Hbase master or HMaster

There are so many region servers. How does your application know which region server to connect? There is a single Hmaster (with a backup) to get map of Region servers and the range of keys they serve. Usually this map is cached by your application and is refreshed periodically.

Hbase works with ZooKeeper

Your application gets information of region servers and the key range they serve from HMaster. But how does it know which is the HMaster machine? This information is stored in Zookeeper. How does HMaster know what region servers are present in the cluster? This information is also in Zookeeper. And, Hadoop keeps the information on the datanodes in Zookeeper as well.
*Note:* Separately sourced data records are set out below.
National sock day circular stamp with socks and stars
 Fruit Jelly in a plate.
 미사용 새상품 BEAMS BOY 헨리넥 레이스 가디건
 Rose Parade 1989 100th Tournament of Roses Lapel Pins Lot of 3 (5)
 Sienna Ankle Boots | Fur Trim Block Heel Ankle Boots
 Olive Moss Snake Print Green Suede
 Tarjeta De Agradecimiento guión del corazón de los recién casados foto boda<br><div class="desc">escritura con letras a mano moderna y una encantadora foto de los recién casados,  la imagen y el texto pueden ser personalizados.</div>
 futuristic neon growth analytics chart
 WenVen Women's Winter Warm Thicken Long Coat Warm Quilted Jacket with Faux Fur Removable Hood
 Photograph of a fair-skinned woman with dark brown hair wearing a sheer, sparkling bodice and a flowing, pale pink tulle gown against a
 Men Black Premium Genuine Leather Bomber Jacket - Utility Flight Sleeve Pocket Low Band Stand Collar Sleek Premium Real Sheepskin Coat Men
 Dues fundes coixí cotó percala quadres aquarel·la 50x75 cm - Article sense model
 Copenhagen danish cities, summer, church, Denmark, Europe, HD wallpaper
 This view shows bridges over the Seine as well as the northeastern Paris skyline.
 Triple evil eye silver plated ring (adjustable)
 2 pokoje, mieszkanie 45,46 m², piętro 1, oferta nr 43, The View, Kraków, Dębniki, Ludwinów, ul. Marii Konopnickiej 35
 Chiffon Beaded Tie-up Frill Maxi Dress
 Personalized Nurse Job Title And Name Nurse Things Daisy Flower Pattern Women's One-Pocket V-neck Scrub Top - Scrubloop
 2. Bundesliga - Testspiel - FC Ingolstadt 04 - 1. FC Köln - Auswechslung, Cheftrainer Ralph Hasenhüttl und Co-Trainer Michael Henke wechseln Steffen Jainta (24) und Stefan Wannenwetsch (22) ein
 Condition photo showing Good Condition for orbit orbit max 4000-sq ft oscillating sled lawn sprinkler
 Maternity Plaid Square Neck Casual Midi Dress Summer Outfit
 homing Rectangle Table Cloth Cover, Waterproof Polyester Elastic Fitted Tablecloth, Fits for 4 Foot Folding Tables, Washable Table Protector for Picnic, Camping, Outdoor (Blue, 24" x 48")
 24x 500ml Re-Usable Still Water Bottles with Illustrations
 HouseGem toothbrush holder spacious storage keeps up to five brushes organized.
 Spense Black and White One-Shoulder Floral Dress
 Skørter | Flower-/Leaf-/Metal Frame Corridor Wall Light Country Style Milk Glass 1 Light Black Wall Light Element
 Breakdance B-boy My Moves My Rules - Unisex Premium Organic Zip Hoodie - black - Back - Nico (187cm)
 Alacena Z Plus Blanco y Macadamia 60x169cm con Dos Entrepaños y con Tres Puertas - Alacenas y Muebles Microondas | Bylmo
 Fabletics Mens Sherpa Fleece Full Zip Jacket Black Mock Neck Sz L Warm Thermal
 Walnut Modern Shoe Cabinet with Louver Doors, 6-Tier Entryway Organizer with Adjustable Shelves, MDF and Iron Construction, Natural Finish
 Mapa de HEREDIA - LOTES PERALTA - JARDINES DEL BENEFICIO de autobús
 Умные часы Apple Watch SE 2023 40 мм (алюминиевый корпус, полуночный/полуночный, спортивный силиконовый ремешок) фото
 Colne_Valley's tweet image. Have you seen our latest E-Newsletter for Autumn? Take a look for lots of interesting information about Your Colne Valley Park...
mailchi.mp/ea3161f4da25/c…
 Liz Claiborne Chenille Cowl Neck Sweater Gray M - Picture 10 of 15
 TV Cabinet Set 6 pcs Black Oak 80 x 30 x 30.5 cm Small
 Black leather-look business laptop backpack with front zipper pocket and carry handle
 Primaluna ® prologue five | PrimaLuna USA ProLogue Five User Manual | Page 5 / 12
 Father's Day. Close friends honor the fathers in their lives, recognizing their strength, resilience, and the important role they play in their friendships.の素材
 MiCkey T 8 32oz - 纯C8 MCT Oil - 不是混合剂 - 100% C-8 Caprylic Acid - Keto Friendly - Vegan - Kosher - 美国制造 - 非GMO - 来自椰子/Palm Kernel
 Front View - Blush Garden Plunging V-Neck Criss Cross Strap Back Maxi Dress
Hbase keeps data in sorted order

Hbase keeps data in Hfiles. Initially the Hfiles is stored in memory. As you add data to the database, the keys are added to the Hfiles in sorted order. Once the Hfiles gets full, it is written to the disk (in the data node). If you want to add a new key, the full Hfiles where the key should belong is read into the memory, the new key is added to the sorted place where it belongs and the updated full Hfiles is written to the disk again. The previously written Hfiles is no longer used (it will be cleaned up by a different process). This is why it is easy to look up keys in Hbase. Given the key, you will know exactly which Hfiles to search (because they are all sorted and the ranges are indexed in the HMaster).

Compaction

A minor compaction runs several times a day to merge smaller Hfiles into larger Hfiles. This reduces the number of files that needs to be read thus improving performance. When you delete a key, it is simply marked "to-be-deleted". When the Hfile gets too big, it needs to be split into two HFiles and the ranges need to be updated. A major compaction process runs periodically to copy the data to new HFiles by excluding keys that are deleted or expired. It also balances the "regions" (key ranges) managed by the region servers. This is a heavy operation and can impact the performance of the system.